* Records for processing *
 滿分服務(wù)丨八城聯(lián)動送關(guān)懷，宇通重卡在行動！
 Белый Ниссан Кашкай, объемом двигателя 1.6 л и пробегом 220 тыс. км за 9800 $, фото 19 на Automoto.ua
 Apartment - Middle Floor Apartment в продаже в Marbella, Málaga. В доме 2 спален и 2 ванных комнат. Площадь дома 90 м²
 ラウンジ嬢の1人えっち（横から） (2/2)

* * *

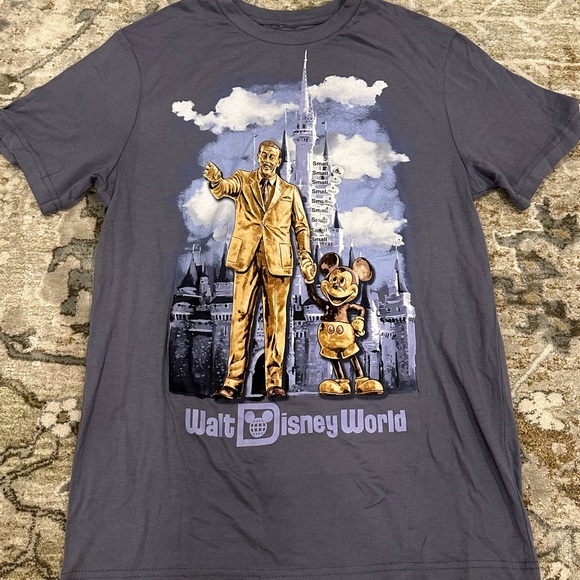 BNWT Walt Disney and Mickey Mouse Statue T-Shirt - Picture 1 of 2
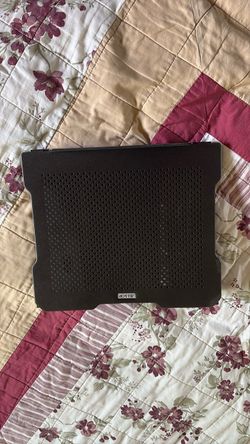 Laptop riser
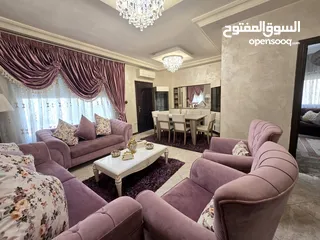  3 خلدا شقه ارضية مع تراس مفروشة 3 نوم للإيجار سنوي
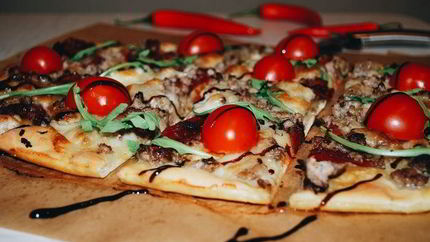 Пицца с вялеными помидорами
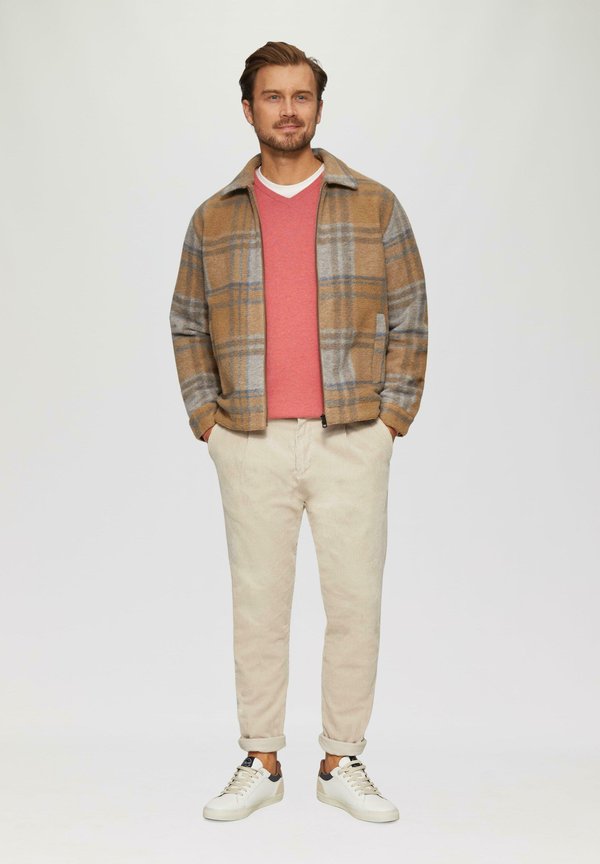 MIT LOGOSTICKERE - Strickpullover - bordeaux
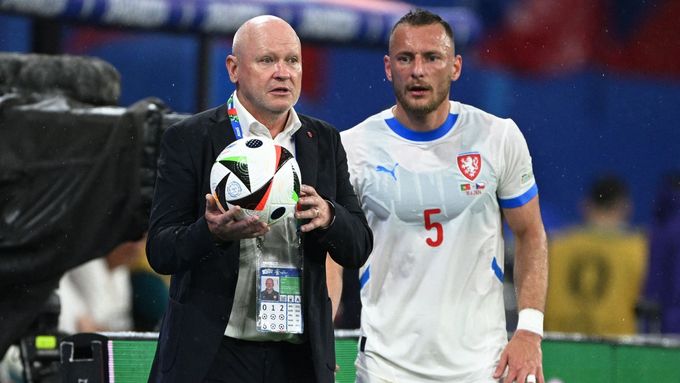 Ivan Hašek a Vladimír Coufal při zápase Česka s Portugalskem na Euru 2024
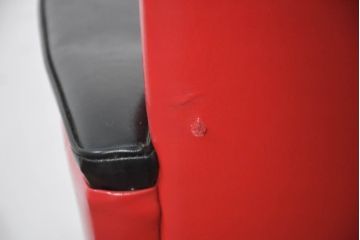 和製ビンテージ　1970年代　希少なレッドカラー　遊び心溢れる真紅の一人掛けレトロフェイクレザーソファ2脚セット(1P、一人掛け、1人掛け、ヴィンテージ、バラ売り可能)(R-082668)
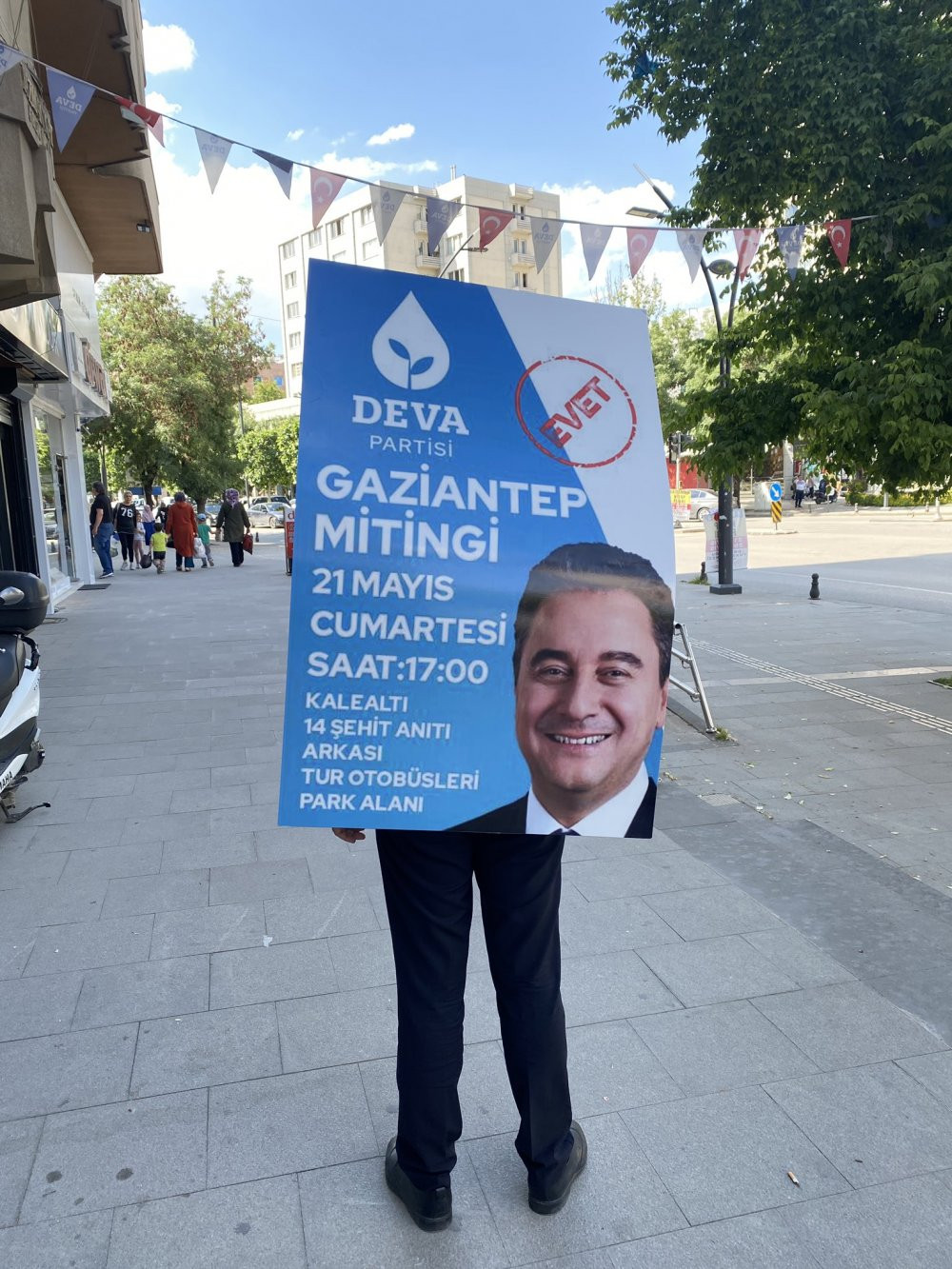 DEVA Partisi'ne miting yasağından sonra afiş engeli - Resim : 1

* * *

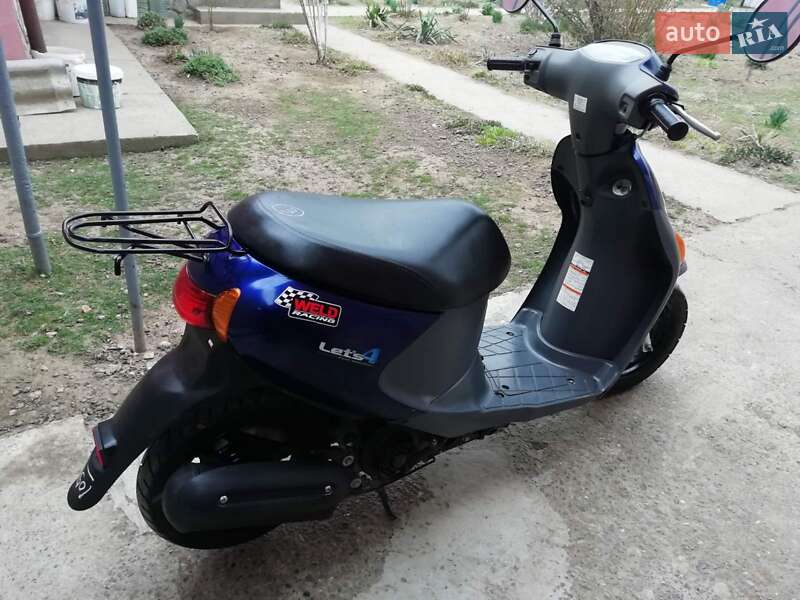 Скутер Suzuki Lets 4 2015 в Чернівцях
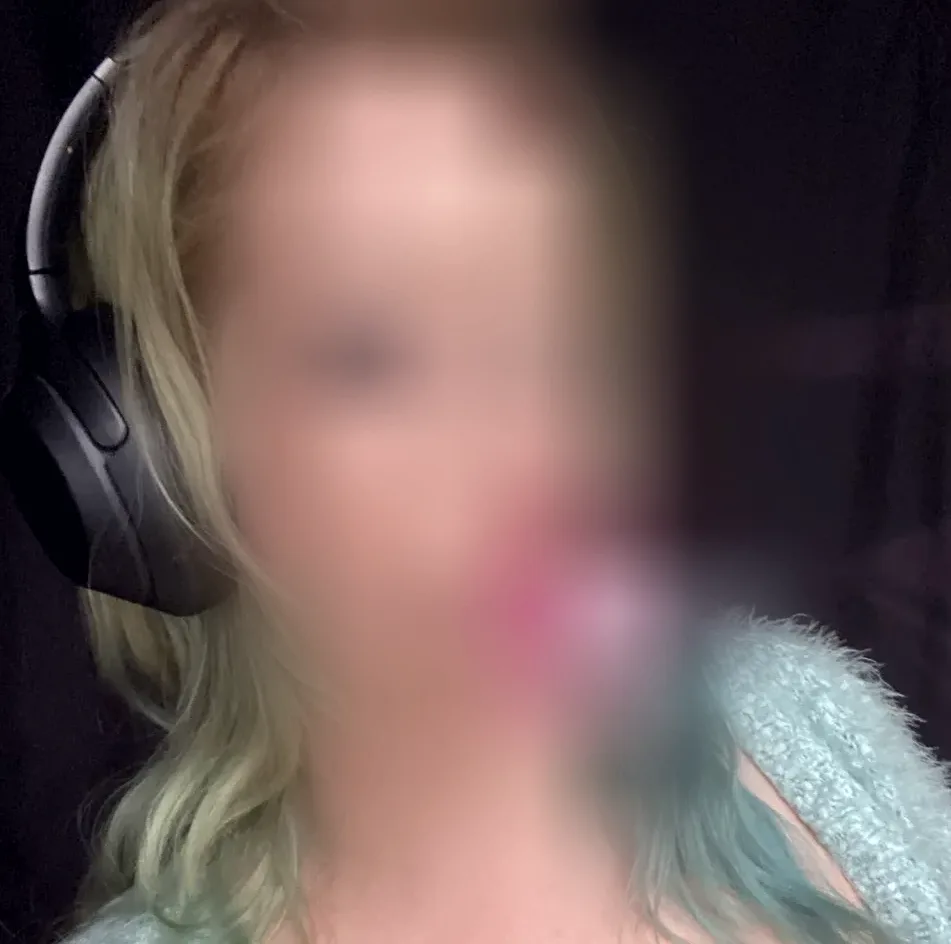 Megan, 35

* What the exercise asks *
The data above holds the lines to copy: start at the one with "和製ビンテージ　1970年代", stop at the one with "DEVA Partisi'ne miting", include both, copy them exactly without pictures, and copy nothing else.

* Task response *
 和製ビンテージ　1970年代　希少なレッドカラー　遊び心溢れる真紅の一人掛けレトロフェイクレザーソファ2脚セット(1P、一人掛け、1人掛け、ヴィンテージ、バラ売り可能)(R-082668)
 DEVA Partisi'ne miting yasağından sonra afiş engeli - Resim : 1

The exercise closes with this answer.